Superintendents from Elizabethtown Independent Schools, Hardin County Schools and West Point Independent Schools met Tuesday night with the League of Women Voters at the Brown-Pusey House to discuss the impact of state and federal budgets on local school districts. Each spoke of the “juggling act” that preparing a district budget can be and ways they’ve made it work.
EIS Superintendent Gary French said his district’s budget broke down into about 62 percent state funding, 24 percent local funding and about 10 percent federal funding.
The largest portion of EIS’ federal funding goes to low-income students and students with disabilities, which was true of Hardin County Schools and West Point Independent Schools as well.

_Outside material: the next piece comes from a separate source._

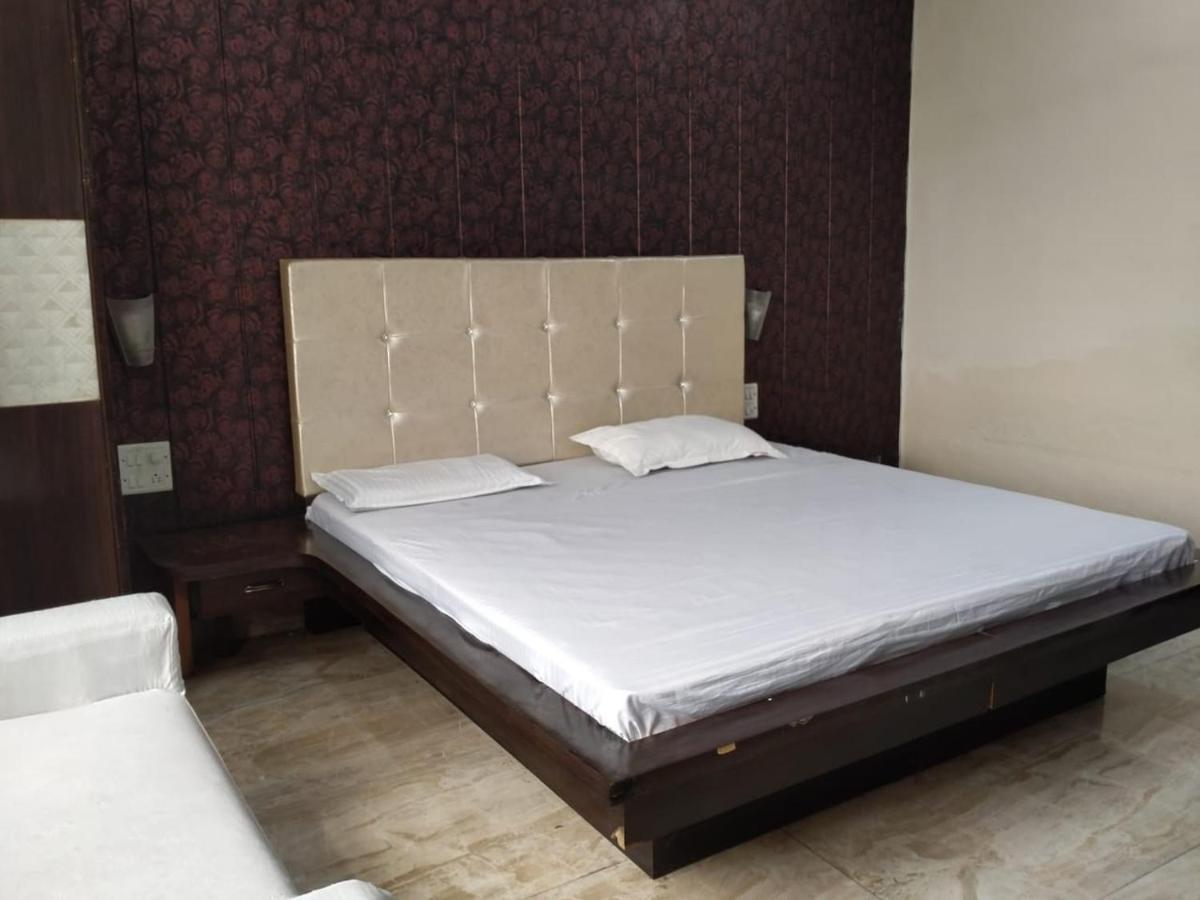 Hotel Prakash Regency Hapur Экстерьер фото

HCS Superintendent Nannette Johnston said the largest impact on the budgeting process has been a lack of state funding. School districts last school year didn’t receive the full amount of their Support Education Excellence in Kentucky money, which for HCS was about $1.2 million.
Textbooks also haven’t been funded in the past few years, Johnston said.
Money struggles have been a constant since Johnston started her superintendency in 2007.
“Every year we have had a budget challenge,” she said.
For West Point, the district never has fully recovered from the 1997 flood, said Superintendent Pamela Stephens, as it caused about 40 percent of its student population to move out of the district.
The district also has a high low-income population, sitting at about 80 percent, Stephens said.
She said for her district to pay for initiatives such as new technology and preschool, it turned to fundraising events a few years ago, such as bingo. She said the district since has stopped doing that.
The district also has a very high tax rate, but Stephens said the community is committed to educating its students.